**EXERCISE:** Please repeat the listing below exactly, but do not include its pictures.

**DATA SEGMENT:**
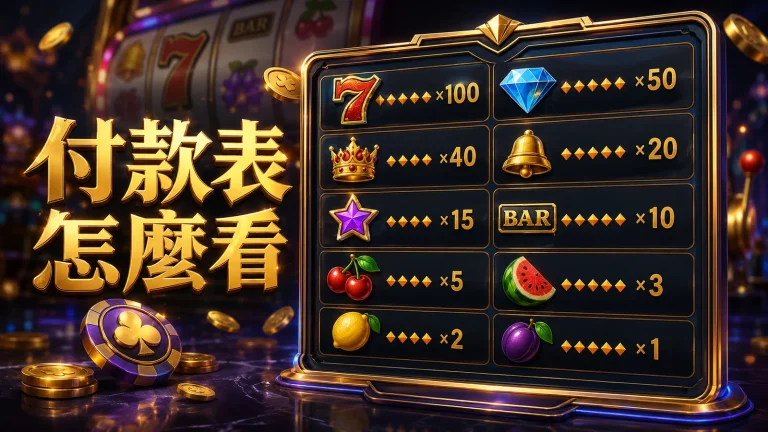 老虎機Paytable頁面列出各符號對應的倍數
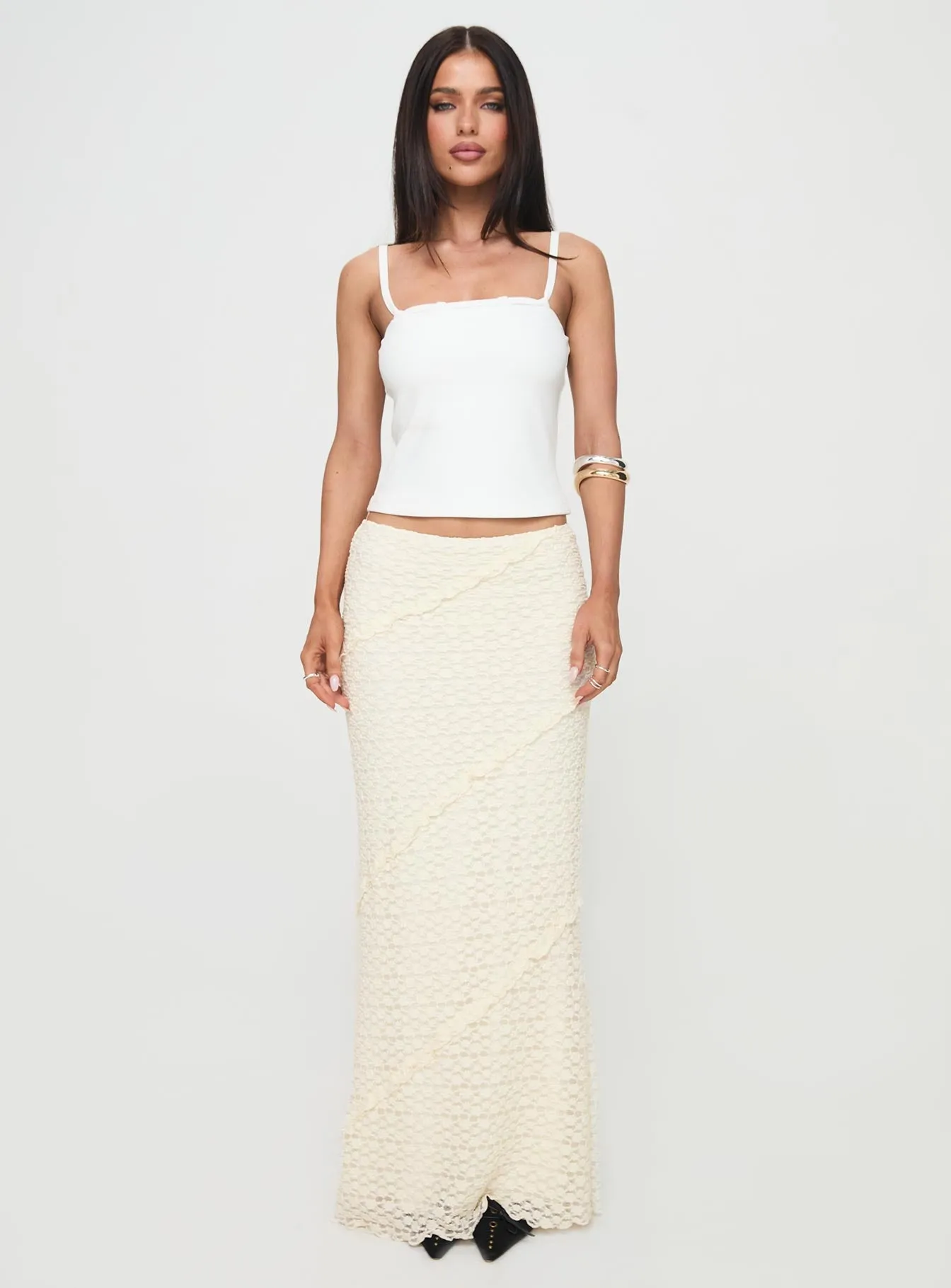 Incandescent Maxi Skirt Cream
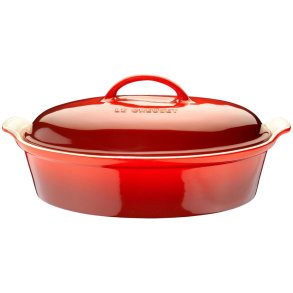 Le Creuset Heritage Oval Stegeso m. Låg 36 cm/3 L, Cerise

**RESULT:**
 老虎機Paytable頁面列出各符號對應的倍數
 Incandescent Maxi Skirt Cream
 Le Creuset Heritage Oval Stegeso m. Låg 36 cm/3 L, Cerise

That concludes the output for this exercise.